── DATA FOR PROCESSING ──

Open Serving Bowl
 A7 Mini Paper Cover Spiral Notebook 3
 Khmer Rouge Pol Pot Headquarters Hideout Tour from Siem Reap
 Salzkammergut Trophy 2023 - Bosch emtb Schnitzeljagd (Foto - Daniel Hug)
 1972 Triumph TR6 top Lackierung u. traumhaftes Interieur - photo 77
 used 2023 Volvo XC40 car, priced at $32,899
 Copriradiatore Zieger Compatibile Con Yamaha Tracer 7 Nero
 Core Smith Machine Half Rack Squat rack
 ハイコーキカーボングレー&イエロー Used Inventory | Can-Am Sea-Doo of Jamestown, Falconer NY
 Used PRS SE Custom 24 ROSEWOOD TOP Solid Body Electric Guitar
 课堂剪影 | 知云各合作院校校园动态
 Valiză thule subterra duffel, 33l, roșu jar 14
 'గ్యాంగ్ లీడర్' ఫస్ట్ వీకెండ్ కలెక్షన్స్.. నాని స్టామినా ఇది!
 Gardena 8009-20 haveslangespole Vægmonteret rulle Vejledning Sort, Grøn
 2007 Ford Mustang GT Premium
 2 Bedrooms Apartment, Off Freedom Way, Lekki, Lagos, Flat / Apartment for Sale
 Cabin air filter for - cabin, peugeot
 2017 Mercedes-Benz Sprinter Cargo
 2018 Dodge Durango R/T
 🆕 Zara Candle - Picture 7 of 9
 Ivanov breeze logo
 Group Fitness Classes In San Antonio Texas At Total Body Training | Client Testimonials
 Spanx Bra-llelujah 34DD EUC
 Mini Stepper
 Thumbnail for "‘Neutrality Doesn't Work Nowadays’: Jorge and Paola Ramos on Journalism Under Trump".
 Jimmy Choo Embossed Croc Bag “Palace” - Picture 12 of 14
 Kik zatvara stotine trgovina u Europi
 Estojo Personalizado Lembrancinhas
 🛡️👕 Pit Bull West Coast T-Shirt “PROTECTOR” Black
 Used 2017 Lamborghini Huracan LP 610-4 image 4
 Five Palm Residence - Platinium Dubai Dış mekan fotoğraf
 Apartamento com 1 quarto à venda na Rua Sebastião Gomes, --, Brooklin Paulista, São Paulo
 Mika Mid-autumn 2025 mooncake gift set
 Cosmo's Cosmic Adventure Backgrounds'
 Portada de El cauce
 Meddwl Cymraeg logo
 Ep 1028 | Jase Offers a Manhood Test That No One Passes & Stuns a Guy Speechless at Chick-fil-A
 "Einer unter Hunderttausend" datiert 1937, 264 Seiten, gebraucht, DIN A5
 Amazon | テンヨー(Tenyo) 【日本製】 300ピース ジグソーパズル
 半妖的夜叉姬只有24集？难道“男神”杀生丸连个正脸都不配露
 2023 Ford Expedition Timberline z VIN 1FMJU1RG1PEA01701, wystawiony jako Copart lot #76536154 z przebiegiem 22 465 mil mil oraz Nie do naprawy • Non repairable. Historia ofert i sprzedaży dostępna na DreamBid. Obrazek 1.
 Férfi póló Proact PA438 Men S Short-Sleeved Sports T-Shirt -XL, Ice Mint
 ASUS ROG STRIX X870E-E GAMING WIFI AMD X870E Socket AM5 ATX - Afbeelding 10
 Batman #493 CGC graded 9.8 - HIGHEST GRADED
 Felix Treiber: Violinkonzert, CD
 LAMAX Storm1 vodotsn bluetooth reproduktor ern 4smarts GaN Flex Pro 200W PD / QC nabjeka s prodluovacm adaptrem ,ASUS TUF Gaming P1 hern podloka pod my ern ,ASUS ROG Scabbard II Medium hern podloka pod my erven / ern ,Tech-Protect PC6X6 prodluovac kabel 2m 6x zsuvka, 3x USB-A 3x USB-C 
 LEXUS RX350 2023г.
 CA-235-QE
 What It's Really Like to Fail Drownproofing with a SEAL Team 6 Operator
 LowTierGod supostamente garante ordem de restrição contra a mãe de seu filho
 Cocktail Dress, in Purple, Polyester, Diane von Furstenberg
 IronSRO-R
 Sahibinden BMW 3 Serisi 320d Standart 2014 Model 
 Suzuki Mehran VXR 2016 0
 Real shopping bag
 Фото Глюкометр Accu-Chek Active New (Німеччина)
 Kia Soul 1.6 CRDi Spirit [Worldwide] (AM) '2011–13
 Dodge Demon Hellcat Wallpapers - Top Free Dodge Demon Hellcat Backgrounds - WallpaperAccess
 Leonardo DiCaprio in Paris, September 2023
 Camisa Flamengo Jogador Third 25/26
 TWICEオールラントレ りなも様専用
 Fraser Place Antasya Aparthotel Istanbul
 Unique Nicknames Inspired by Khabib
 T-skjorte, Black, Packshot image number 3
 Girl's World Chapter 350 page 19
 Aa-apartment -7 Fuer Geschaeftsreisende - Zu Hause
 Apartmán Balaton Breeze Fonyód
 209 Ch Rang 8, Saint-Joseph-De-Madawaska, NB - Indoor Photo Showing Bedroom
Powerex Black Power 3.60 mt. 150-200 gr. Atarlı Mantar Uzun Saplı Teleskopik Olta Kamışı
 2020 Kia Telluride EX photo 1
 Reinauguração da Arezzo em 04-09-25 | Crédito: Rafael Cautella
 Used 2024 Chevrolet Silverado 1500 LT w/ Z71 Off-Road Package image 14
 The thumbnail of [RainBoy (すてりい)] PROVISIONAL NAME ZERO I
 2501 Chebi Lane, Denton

───

### TASK DIRECTIONS
The answer should be exactly the lines from the one that contains "2020 Kia Telluride EX photo 1" through the end of the entries, both ends included, and nothing besides.

### EXERCISE SOLUTION
 2020 Kia Telluride EX photo 1
 Reinauguração da Arezzo em 04-09-25 | Crédito: Rafael Cautella
 Used 2024 Chevrolet Silverado 1500 LT w/ Z71 Off-Road Package image 14
 The thumbnail of [RainBoy (すてりい)] PROVISIONAL NAME ZERO I
 2501 Chebi Lane, Denton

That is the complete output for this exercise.